YOUR INSTRUCTIONS :: Give the lines of the material verbatim, from the first line to the line with "a living room", including both.

AVAILABLE DATA ::
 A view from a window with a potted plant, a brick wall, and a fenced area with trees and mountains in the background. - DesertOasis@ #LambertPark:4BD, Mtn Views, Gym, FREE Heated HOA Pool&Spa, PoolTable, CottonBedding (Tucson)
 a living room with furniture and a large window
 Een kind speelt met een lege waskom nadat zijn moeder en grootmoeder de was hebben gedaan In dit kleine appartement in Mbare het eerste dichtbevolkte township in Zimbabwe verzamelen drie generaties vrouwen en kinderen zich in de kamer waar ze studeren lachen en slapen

WRITTEN SOLUTION ::
 A view from a window with a potted plant, a brick wall, and a fenced area with trees and mountains in the background. - DesertOasis@ #LambertPark:4BD, Mtn Views, Gym, FREE Heated HOA Pool&Spa, PoolTable, CottonBedding (Tucson)
 a living room with furniture and a large window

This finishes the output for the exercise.